**Activity:**
Set down word for word each line from the one containing "Surowe warzywa — Zdjęcie stockowe" through the end of the records, both included. Do not copy any pictures.

**Supplied information:**
* * * * * * * * *

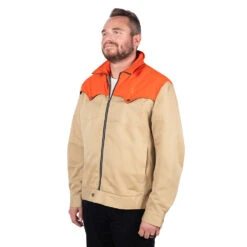Yellowstone John Dutton Colorblock Panel Heavy Duty Jacket 23 Yellowstone John Dutton Colorblock Panel Heavy Duty Jacket -Yellowstone Store YS DGC JDCBJ FT LIFE2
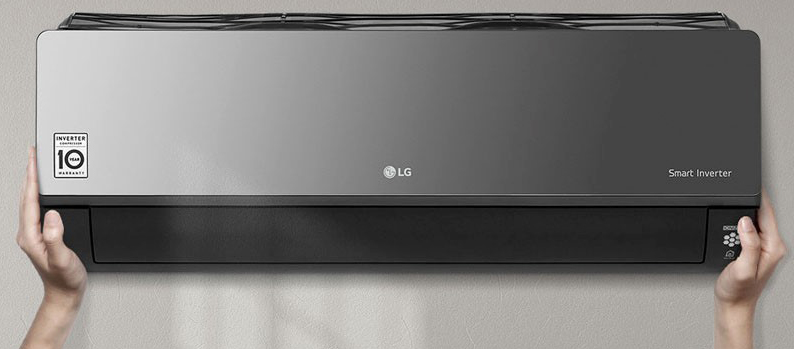 روشن نشدن کولر گازی ال جی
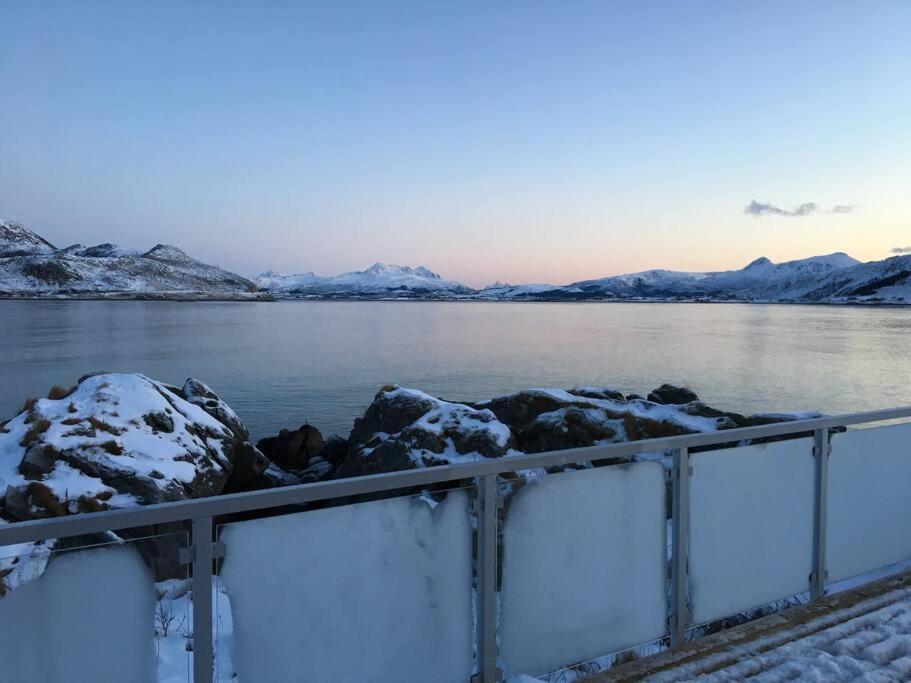 Hytte Ved Sjoen Napp Exterior foto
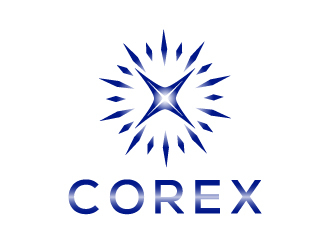 CoreX logo design by BrainStorming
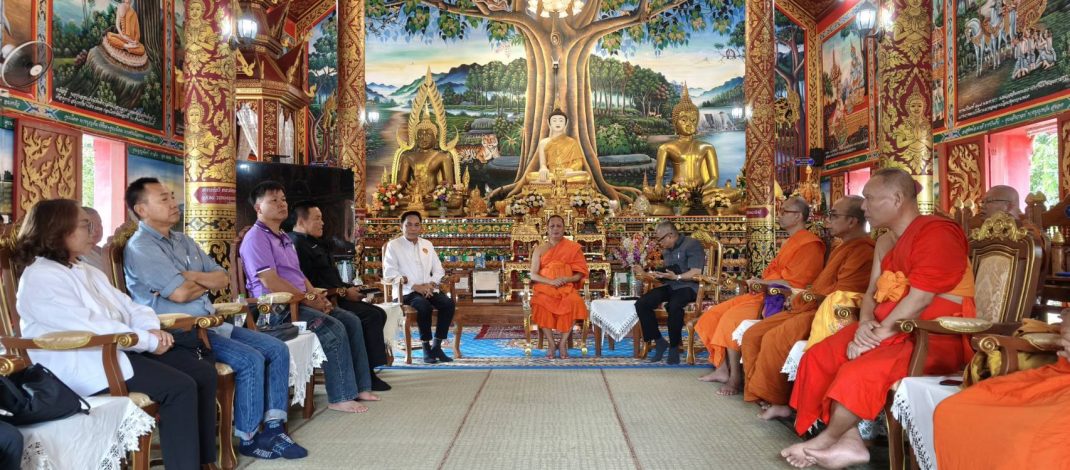 ดราม่า “หมาแมว 20 ชีวิต” วัดน้ำหิน คลี่คลาย! สส.ประสิทธิ์ นำทุกฝ่ายหาทางออก ตั้งศูนย์พักพิงชั่วคราว รอผู้ใจบุญรับอุปการะ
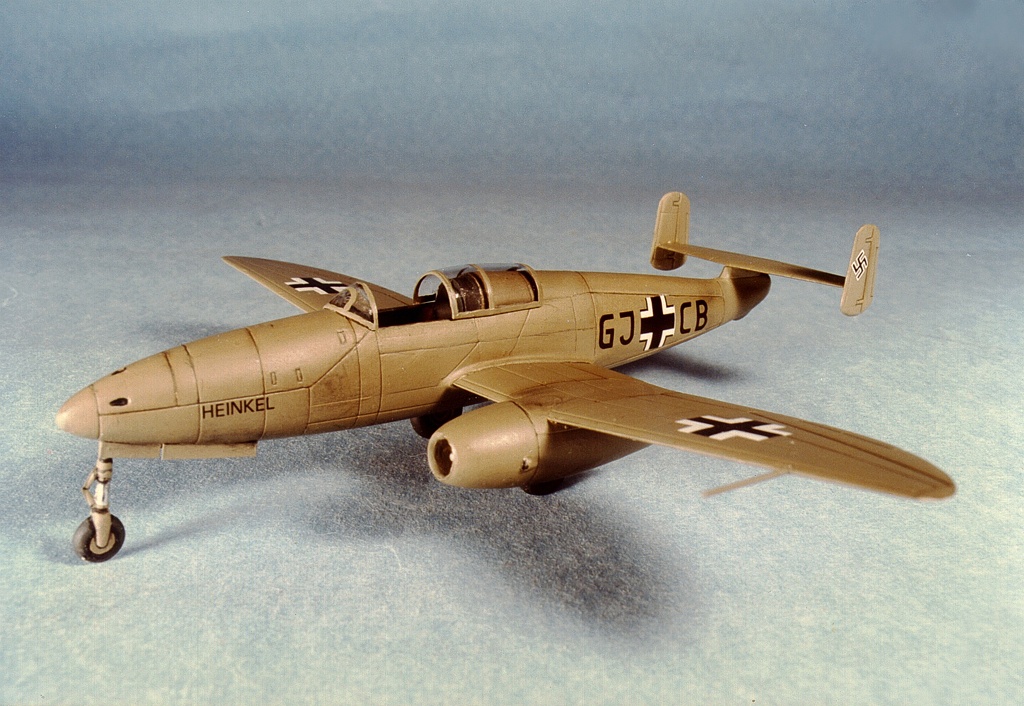 Heinkel He 280 V3
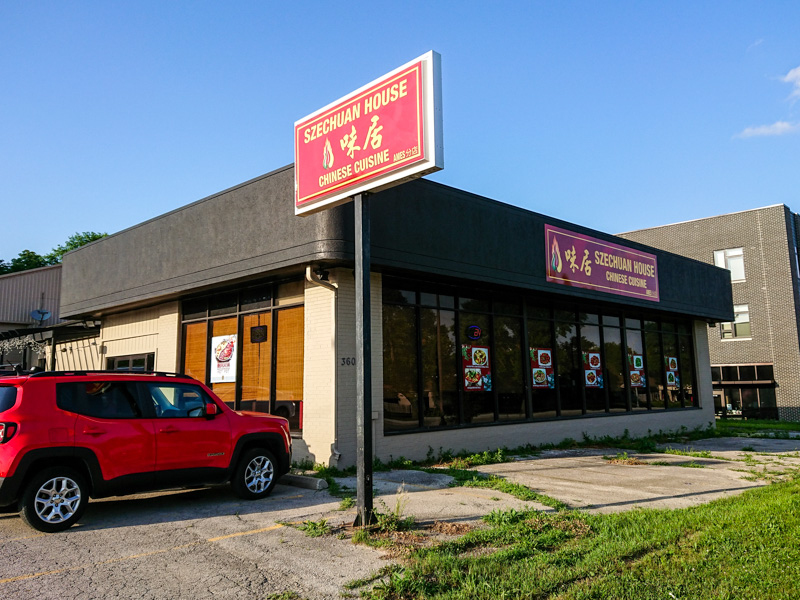 Szechuan House 50014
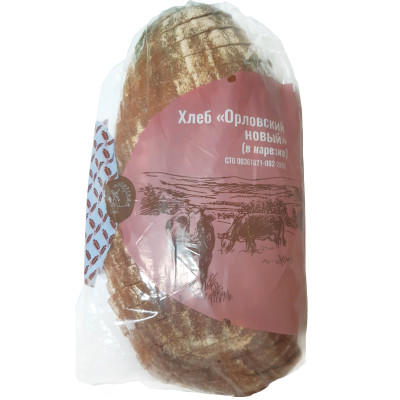 Хлеб Алатырский Хлебозавод ржано-пшеничный нарезка, 600г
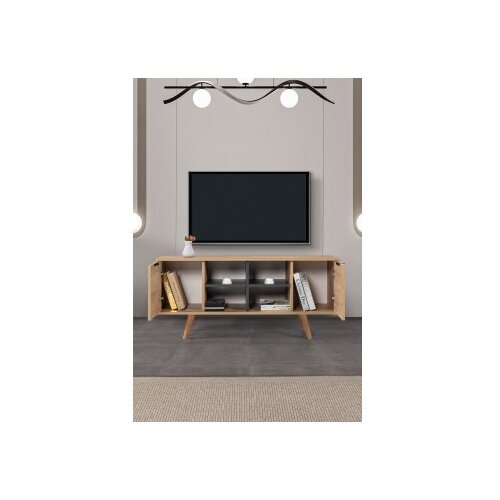 Hanah home TV ormarić, antracit Cijene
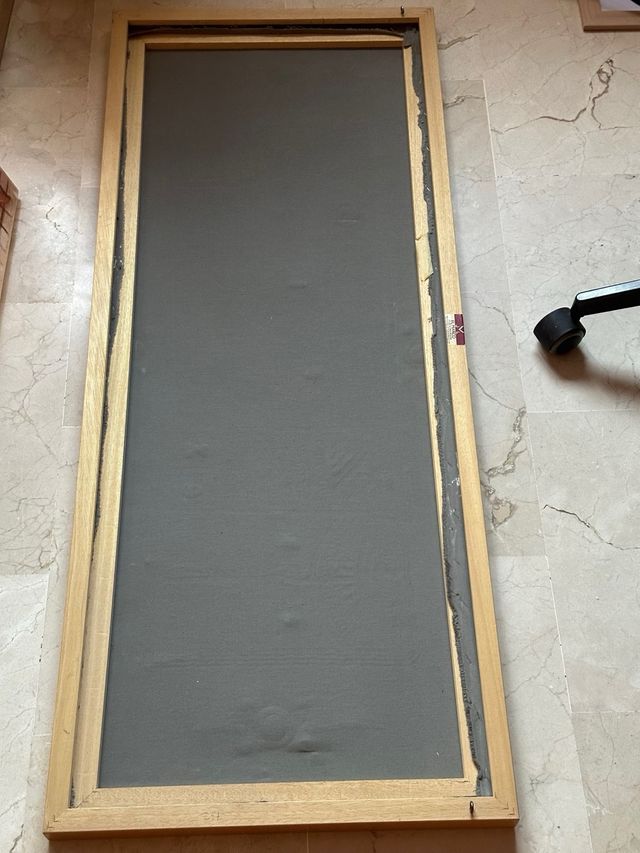 Marco decoracion 125x50cm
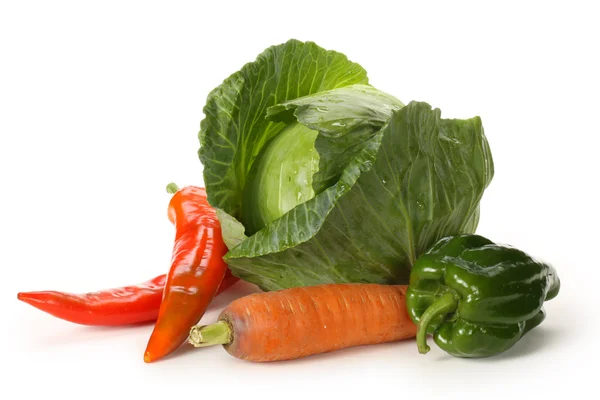 Surowe warzywa — Zdjęcie stockowe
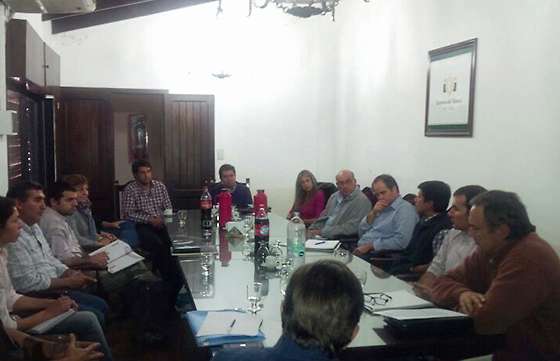 La Comisión Técnica de Tabaco analizó la problemática del amarillamiento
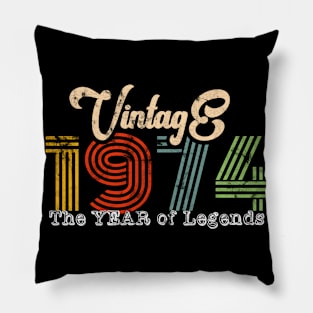 Vintage 1974 Pillow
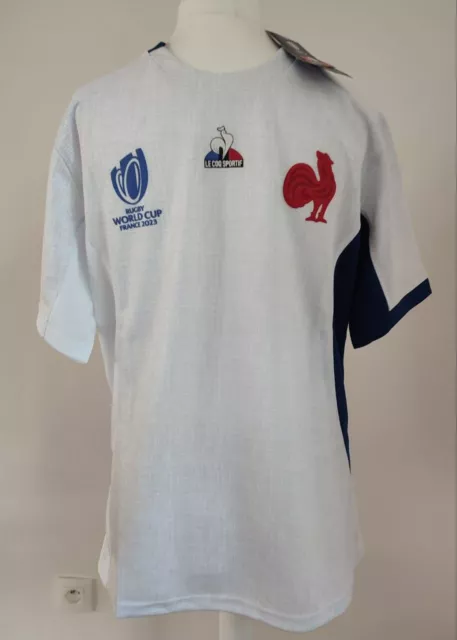 Maillot de l'ÉQUIPE DE FRANCE de RUGBY saison 2023 / 2024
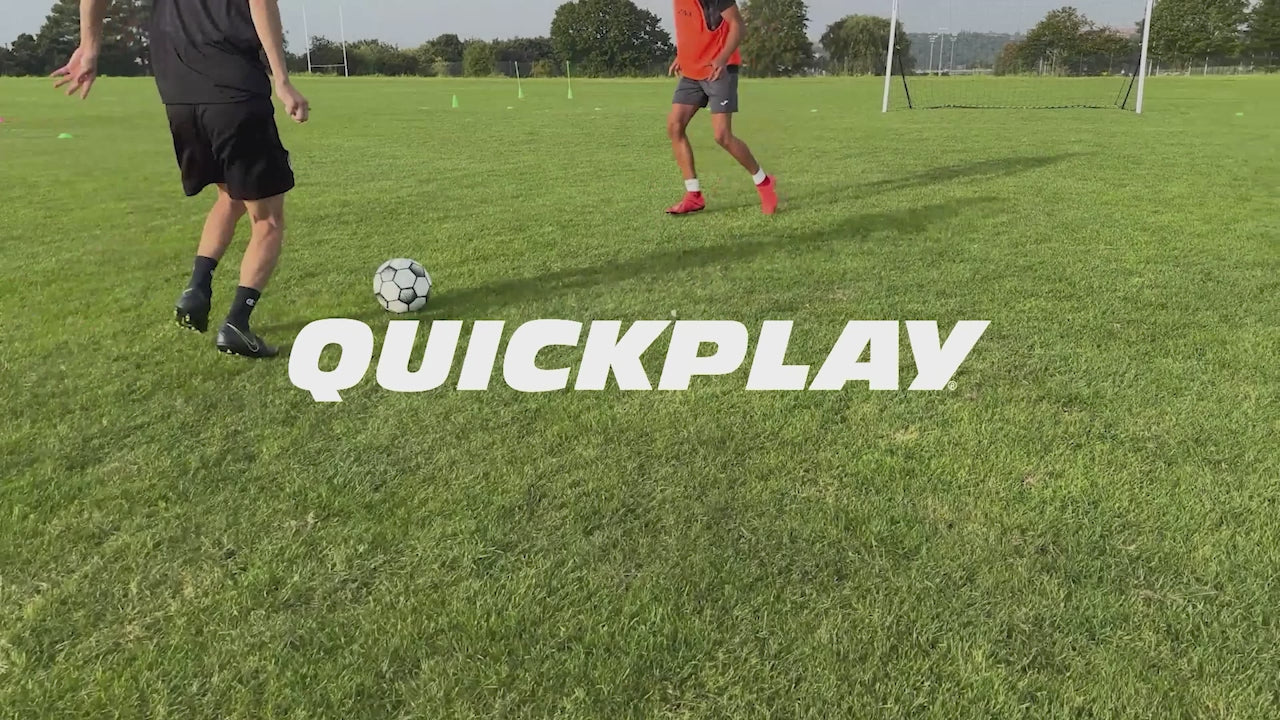 Kickster 16x7ft Portable Football Goal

* * * * * * * * *

**Output:**
 Surowe warzywa — Zdjęcie stockowe
 La Comisión Técnica de Tabaco analizó la problemática del amarillamiento
 Vintage 1974 Pillow
 Maillot de l'ÉQUIPE DE FRANCE de RUGBY saison 2023 / 2024
 Kickster 16x7ft Portable Football Goal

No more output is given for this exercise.